*EXERCISE PROMPT*.
Do any lines in the data below contain "harvesting"? If so, copy every one of them.

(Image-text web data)
Segment Open

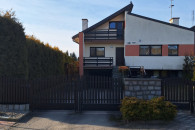 Przestronny dom w szeregu - os. Poetów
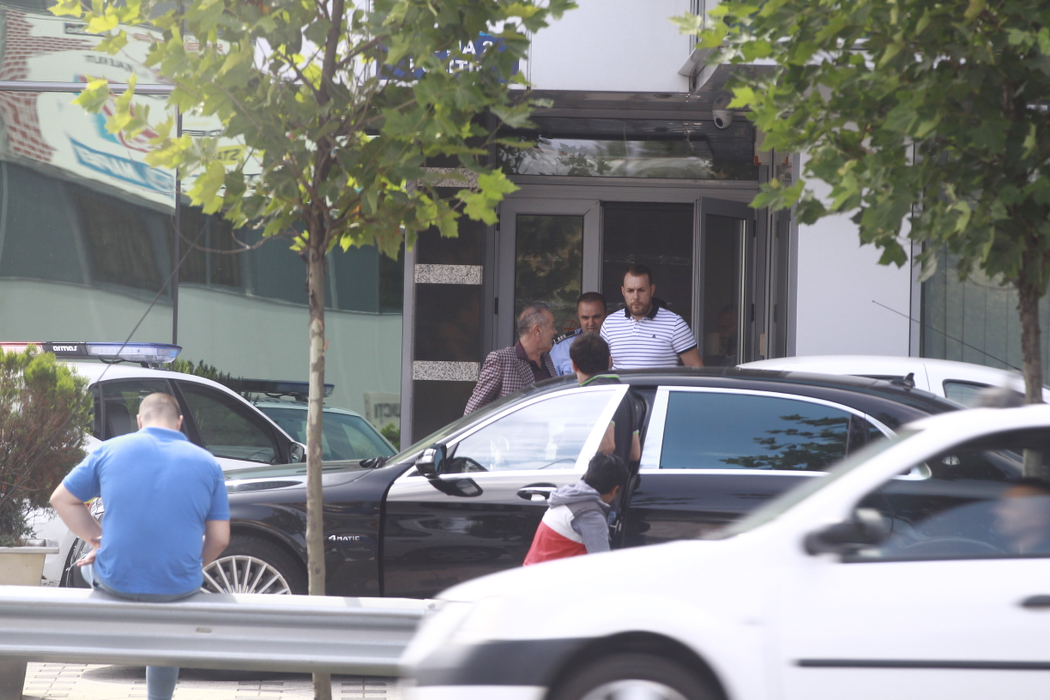 Becali vorbeşte cu anchetatorul său, Cornel Ivănuş, fiind foarte binedispus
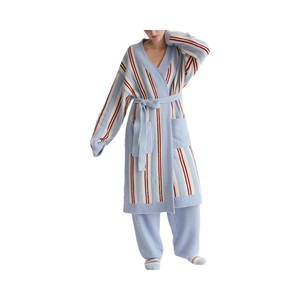 Cómodo Bata de Baño de Invierno para Parejas, Kimono de Diseño de Alta Calidad, Térmico, Casual, Súper Suave, de Punto a Rayas, Ropa de Estar para Mujer - Product Image 4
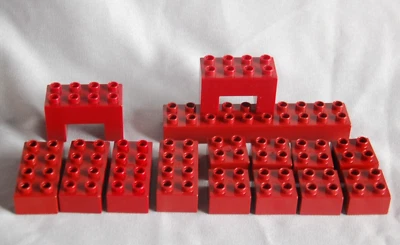 DUPLO ~ Maroon / Burgundy Building Blocks ~ 19 pcs, 4 diff shapes ~ VGC - Image 1 of 3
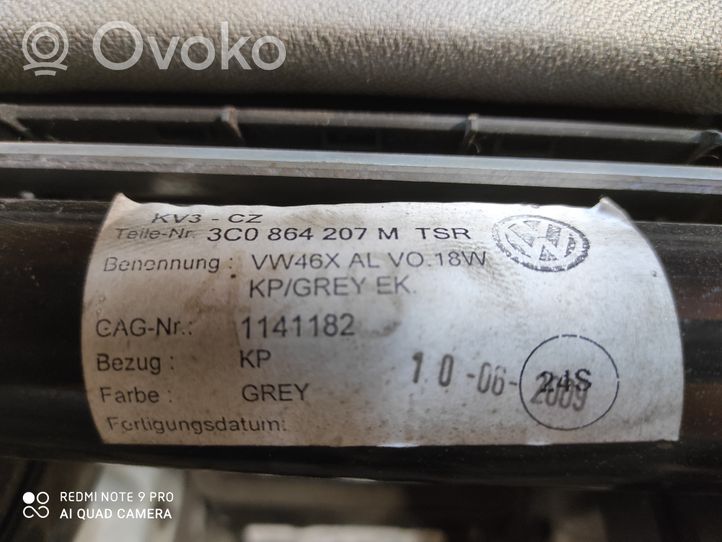 Volkswagen PASSAT B6 Consola central de la guantera 3C0864207M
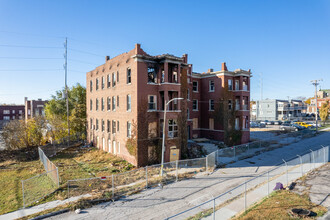 La Chula Apartments in Omaha, NE - Foto de edificio - Building Photo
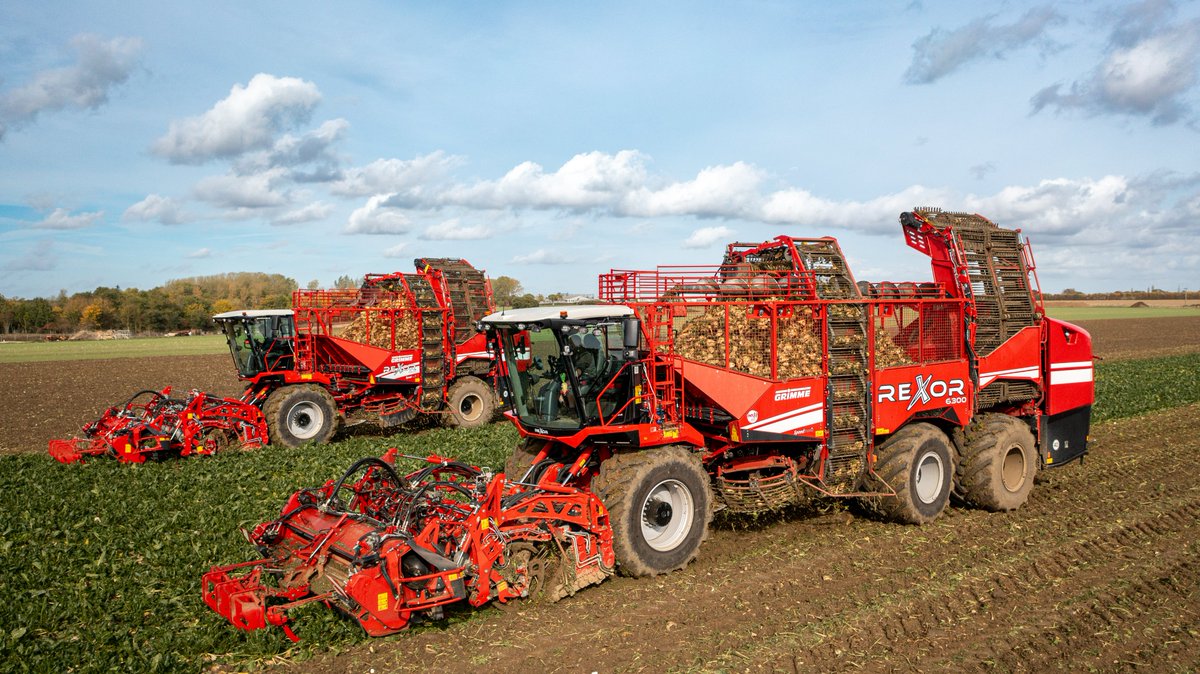 GRIMMEGroup's tweet photo. #GRIMMEwordwide
A REXOR 6200 and REXOR 6300 harvesting sugar beet in England 🇬🇧.
#GRIMME #GRIMMEGroup #worldwide #harvest #selfpropelled #weltweit #harvesting #machinery #agriculture #agricultural #REXOR #sugarbeet #rüben #rübenernte #beetharvest #beet #harvester #agriculture https://t.co/5pOC40cimC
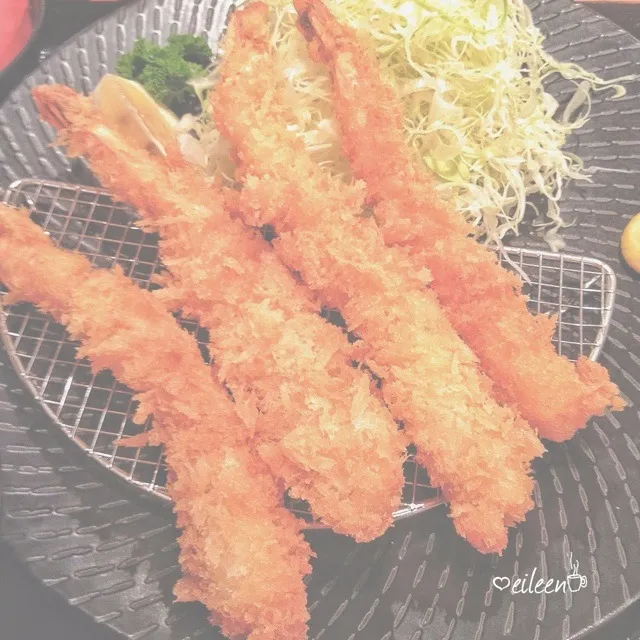 Snapdishの料理写真:Yabu: House of Katsu Jumbo Prawn Set|eiLeeN 💋🐬さん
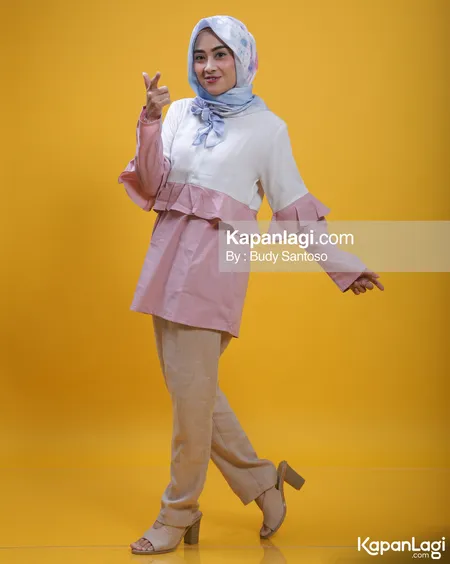 Foto Nina Noura. Nomor Foto: 021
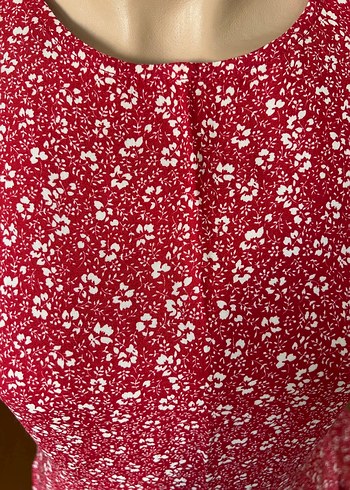 Kırmızı çiçek desenli uzun midi elbise - Görsel 7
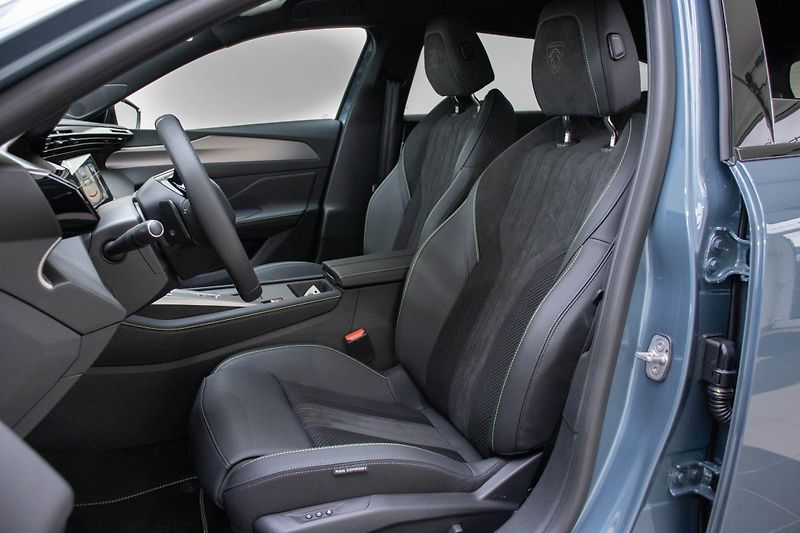 Peugeot 308 SW GT Hybrid 145 e-DCS6 - fotka 9 z 17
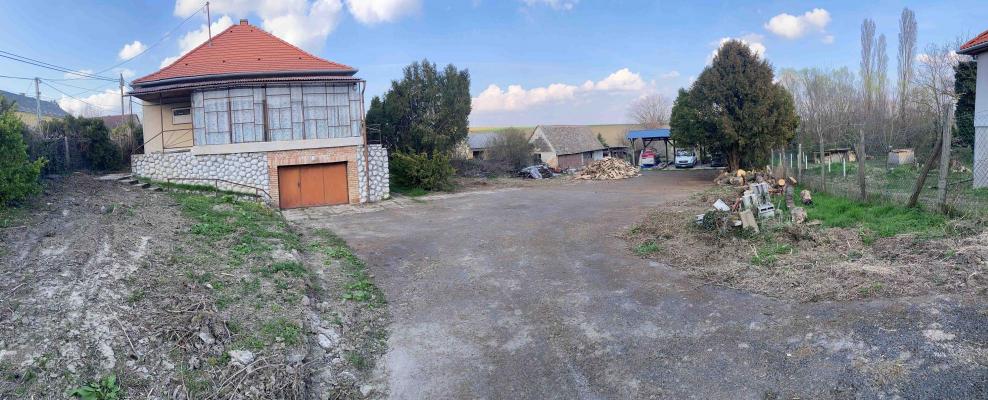 Hongarije ~ Zuid: Pcs & Villny ~ Baranya (Pcs) - Woonhuis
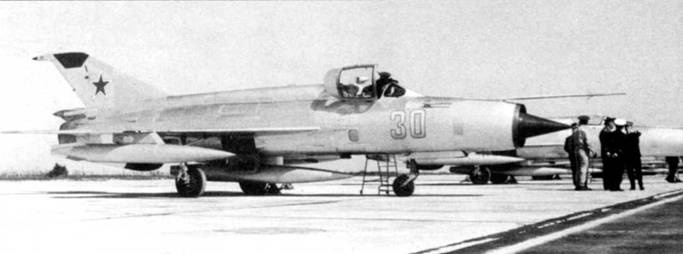 Иллюстрация к книге — МиГ-21 [pic_163.jpg]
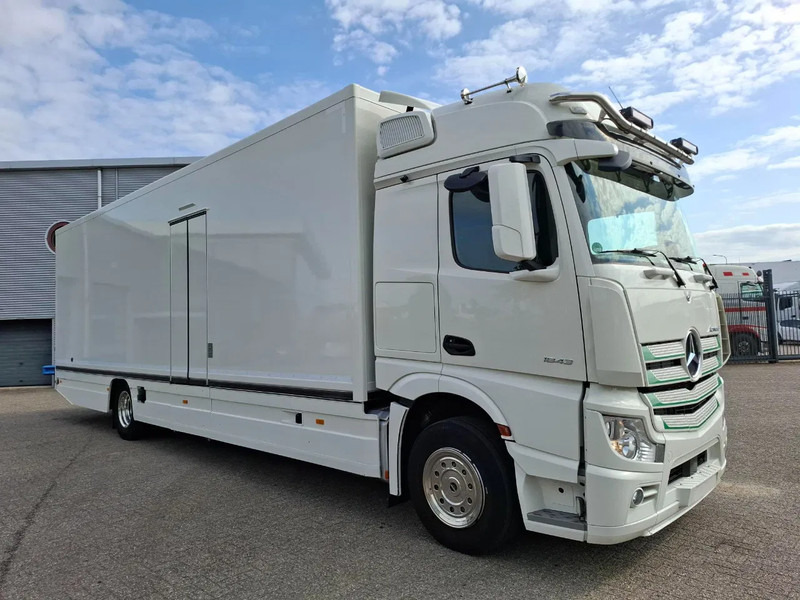 Mercedes-Benz Actros 1843 / GERMAN FLOWER TRUCK / 162021 KM / ISOLATED BOX / COOL & HEATED / NAVI / PLATFORM 1500 KG / TOP CONDITION / FULL-AI - Büféautó: 2 kép. Mercedes-Benz Actros 1843 / GERMAN FLOWER TRUCK / 162021 KM / ISOLATED BOX / COOL & HEATED / NAVI / PLATFORM 1500 KG / TOP CONDITION / FULL-AI - Büféautó: 2 kép.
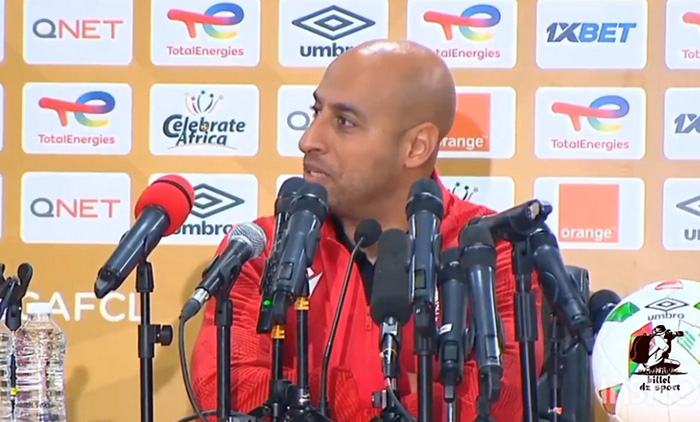 مدرب الوداد يغادر الندوة الصحفية بسبب استفزازات صحفي جزائري 1 مدرب الوداد يغادر الندوة الصحفية بسبب استفزازات صحفي جزائري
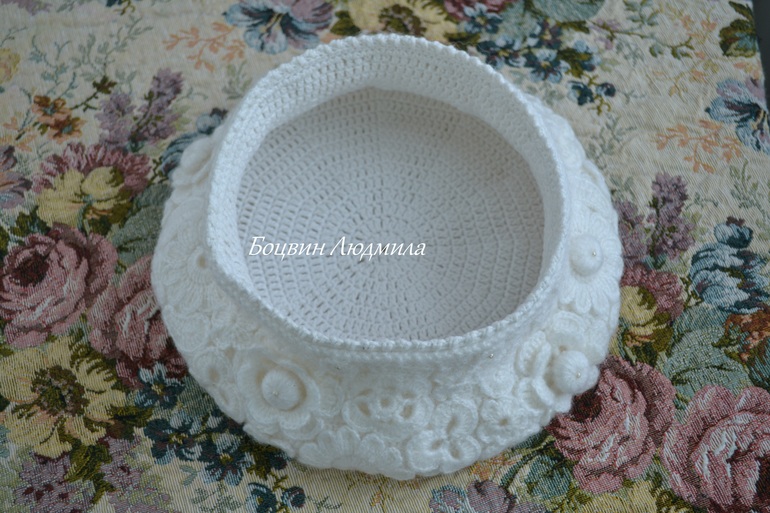 Берет крючком "Цветочный"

Segment Closed

*ANSWER TO THIS TASK*.
A REXOR 6200 and REXOR 6300 harvesting sugar beet in England 🇬🇧.
#GRIMME #GRIMMEGroup #worldwide #harvest #selfpropelled #weltweit #harvesting #machinery #agriculture #agricultural #REXOR #sugarbeet #rüben #rübenernte #beetharvest #beet #harvester #agriculture https://t.co/5pOC40cimC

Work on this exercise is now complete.